After all, the British ruled a united Subcontinent with a number of tools at their disposal. But arguably, at the core of colonial rule lay a certain vision of law and its scrupulous implementation – as well as checks and balances on executive power. The British ran a tight ship through a shrewd combination of indigenous traditions and ‘enlightened’ perception. Pure coercion cannot explain the fact that never more than a hundred thousand of them were present in India at a given time (regular contingents of British Army forming the bulk). And yet they managed millions through the writ of law, and more importantly, the ‘disinterested’ implementation of policies.
The conduct of the proconsul sitting atop the official pyramid reveals the governing ethos of the British – as he was its focal point. Termed sui generis (unique), the position of Governor-General was created in 1772, and when the Crown replaced the East India Company in 1858, the title of Viceroy was added to it – making the incumbent Charles ‘Clemency’ Canning (known to advocate leniency about the 1857 mutineers) the first to hold this dual title. Although not accorded a patent, Viceroy was a sobriquet underpinning his status as royal representative denoting paramount status over the Indian princely states.

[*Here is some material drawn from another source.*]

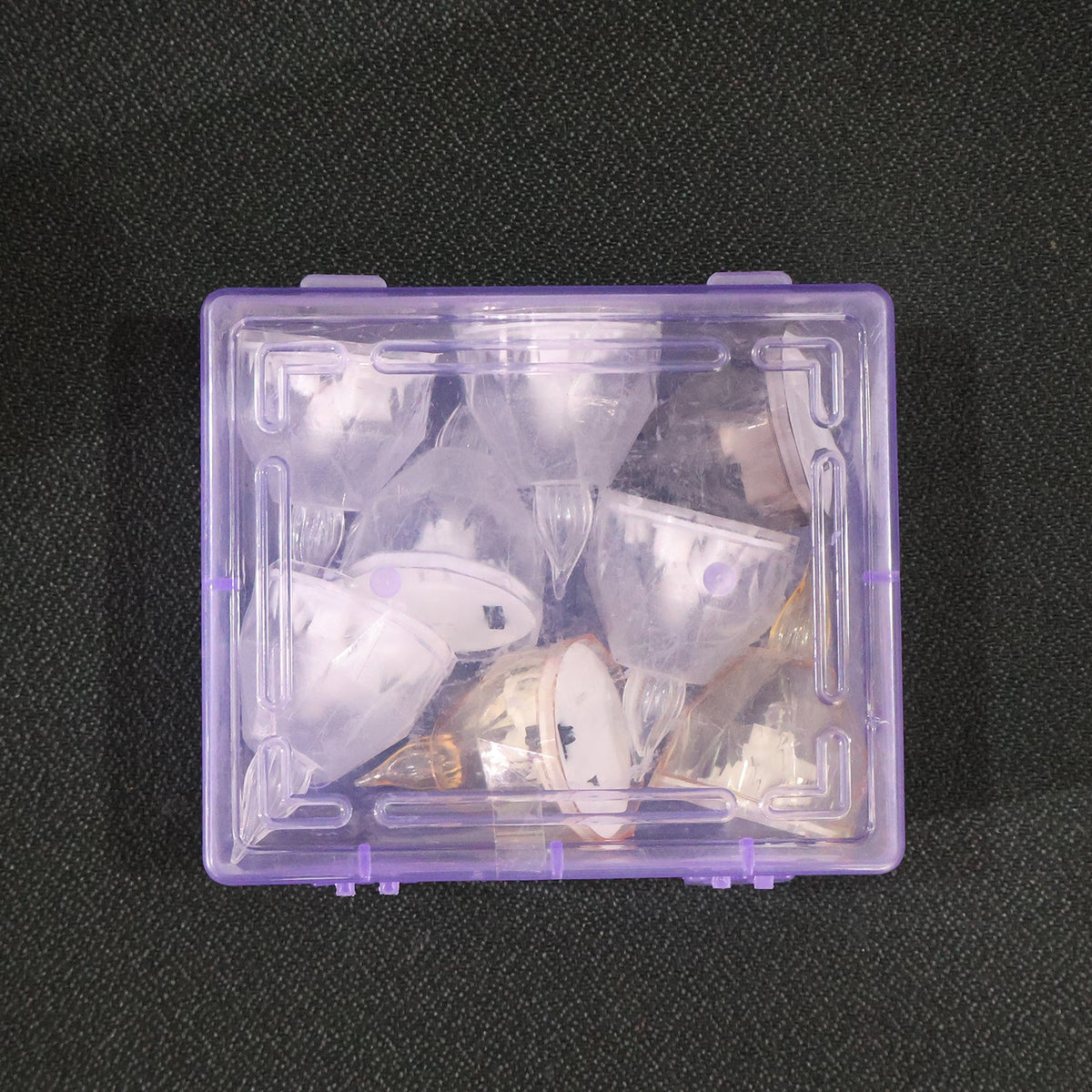 A clear plastic box filled with several clear and amber crystal-style LED diyas on a dark gray surface.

He maintained a state almost royal. It was said that “ceremony walks behind and before him and does obeisance to him” – he was entitled to a 31-gun salute. Indubitably the most powerful figure in his realm, he ruled over a massive population: estimated by some at 400 million by end of the Raj. Equated with the autocratic Tsar of Russia, he operated from the exalted confines of viceregal palace, rarely exposed to the people. His inability to speak the vernacular was not considered a handicap. Despite his regal rank, he was styled ‘Excellency’ and his normal official attire was usually a tall hat and a frock coat emphasising his civilian status.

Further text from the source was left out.